XGBoost-JVM Funny Results

sipal · October 14, 2019, 6:10am

Dear XGBoosters,

I have a dataset with about 35 columns. Some are categorical (like the GenderColumn has values for Male, Female and missing denoted by NA, another categorical column is MaritalStatus with values as withSpouse, noSoupse and missing denoted by NA, etc…). The continuous value variables, the missing data is represented by NaN.

I transformed this file (with 35 columns, which has both categorical & continuous) into a LibSVM file format. The categorical columns were encoded in one-hot encoding. The continuous columns, the missing data were written as NaN in the LibSVM format. The DMatrix class, threw an error reading this LibSVM file format (that has the NaN representing the missing values in those continuous columns). Because of the error, I reformatted this LibSVM but replace the NaN with zero, which means that the final LibSVM file, skips the zero. The DMatrix can now parse & read this LibSVM file into memory, which it was split into trainSet and testSet in a 80/20 split.

I simply follow the example in the XGBoost main page here, below, but using my own data. I haven’t changed any parameters, etc. My target is a continuous variable, so I’m doing regression.

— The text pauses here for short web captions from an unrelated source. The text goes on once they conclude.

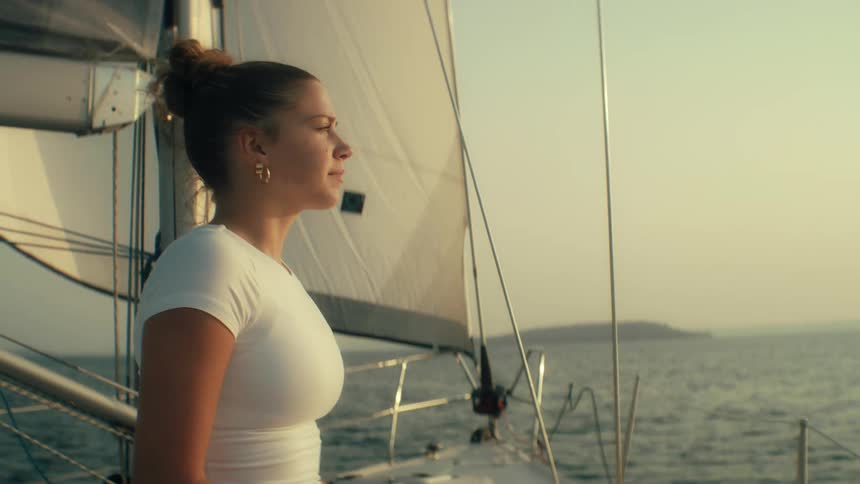 Young woman sits on a boat sailing off the coast as she looks up from her laptop computer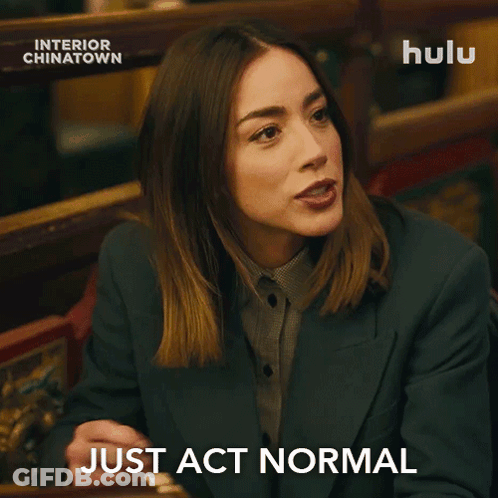 Man In Suit And Tie Sitting At Hulu Ad GIF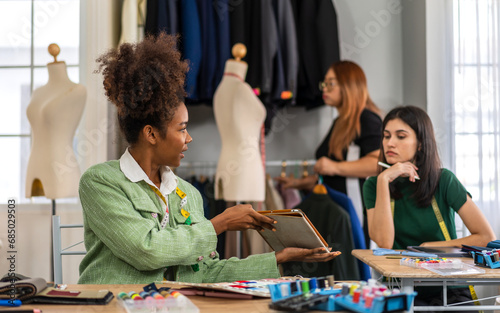 Portrait of young african american woman and young girl fashion designer stylish sitting and working with color samples.Attractive team designer girl work with colorful fabrics at fashion studio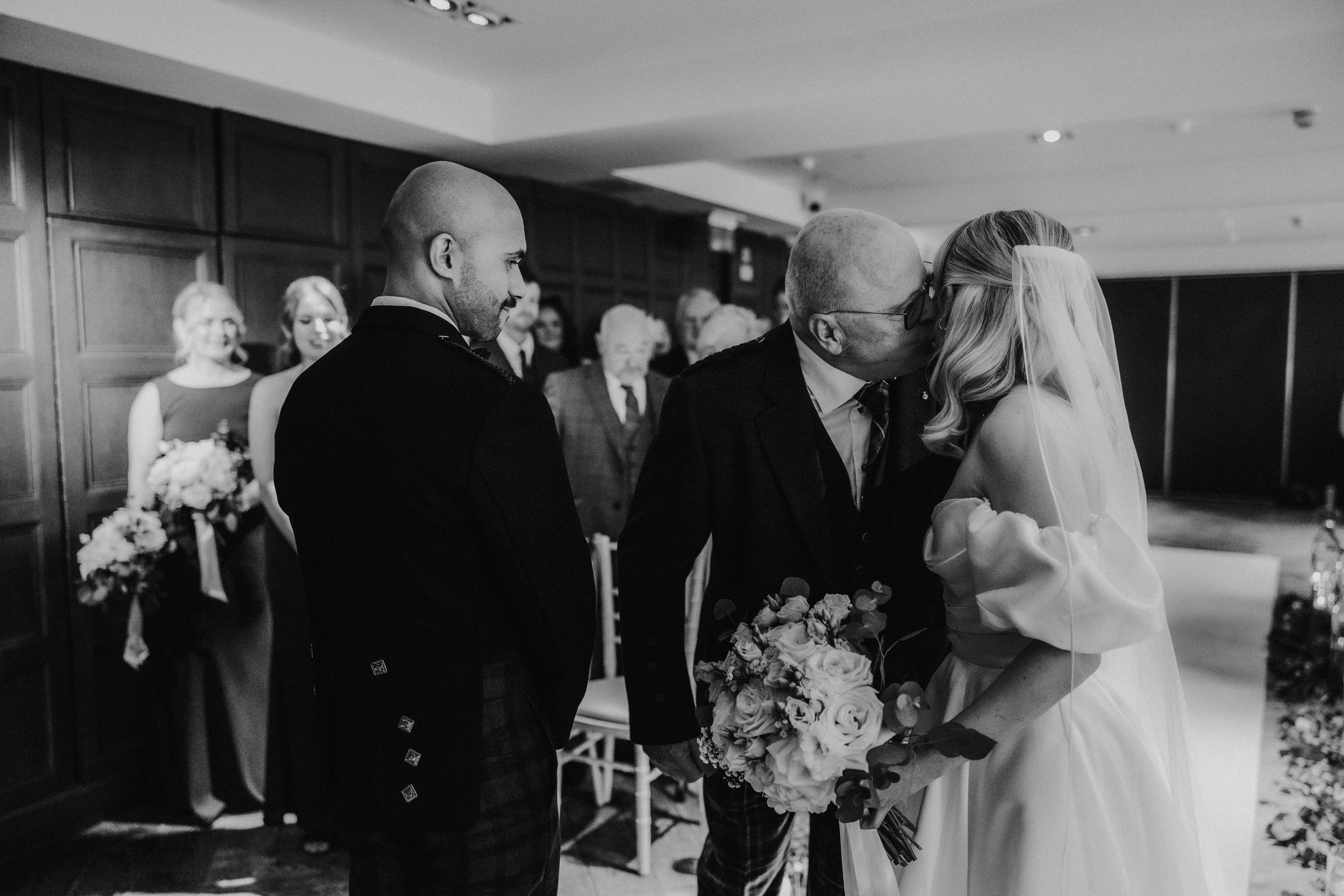 Bride in veil kissed on the cheek by an older man while the groom watches, bridesmaids and guests visible behind.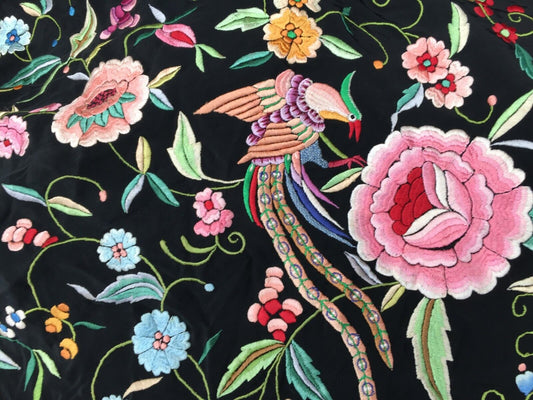 Close-up of the intricate silk embroideries depicting delicate flowers in shades of pink, white, and other colors against the black canvas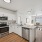c-shaped kitchen with open floor plan to large living room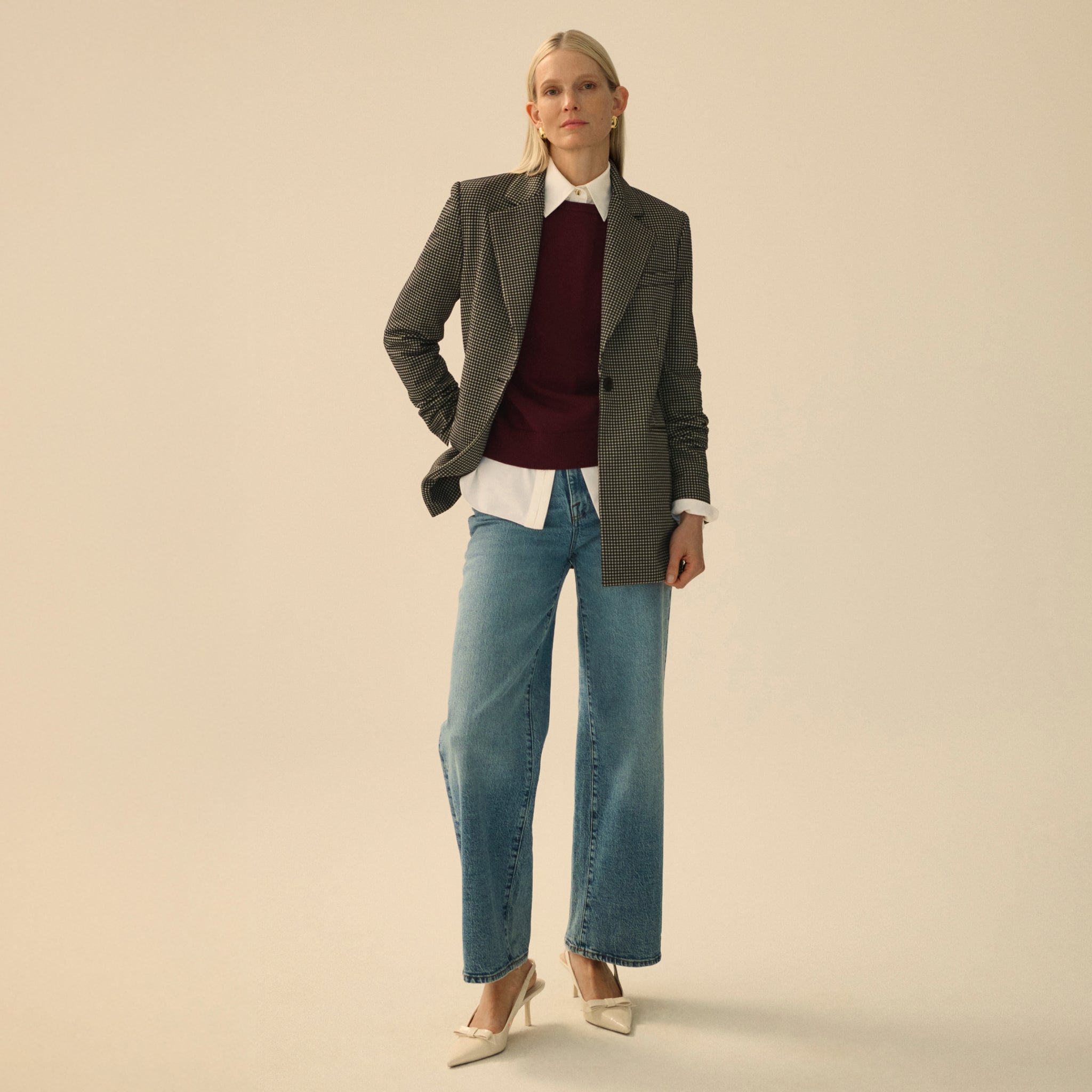 front image of a woman wearing the rossi blazer in classic check 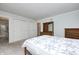 Bedroom with bed and nightstand; closet and bathroom connected via doorways at 11363 Kristen Ln, Indianapolis, IN 46235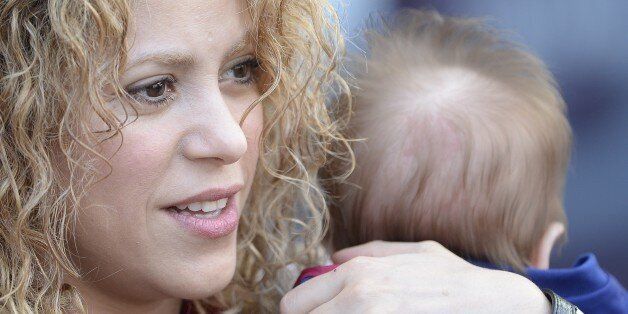 Colombian singer Shakira holds her son Sasha before the Spanish league football match FC Barcelona v Valencia CF at the Camp Nou stadium in Barcelona on April 18, 2015. AFP PHOTO / JOSEP LAGO (Photo credit should read JOSEP LAGO/AFP/Getty Images)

https://xgboost.readthedocs.io/en/latest/jvm/java_intro.html

I selected certain variables to be dropped/eliminated from the 35 original variables and re-run again. The problem is, I eliminate one by one certain variables I thought that their exclusion would increase the NRMSE. I noted that the NRMSE is the same when I ran 35 variables, 34 variables, 33 variables, 32 variables, …, down to 12 variables, still the NRMSE is the same at around ~ 86.22%

Does anyone has a tip of what is going on here? I thought that as the number of variables changes, then the NRMSE should change, but that is not the case.

Any tips would be much appreciated.

Cheers.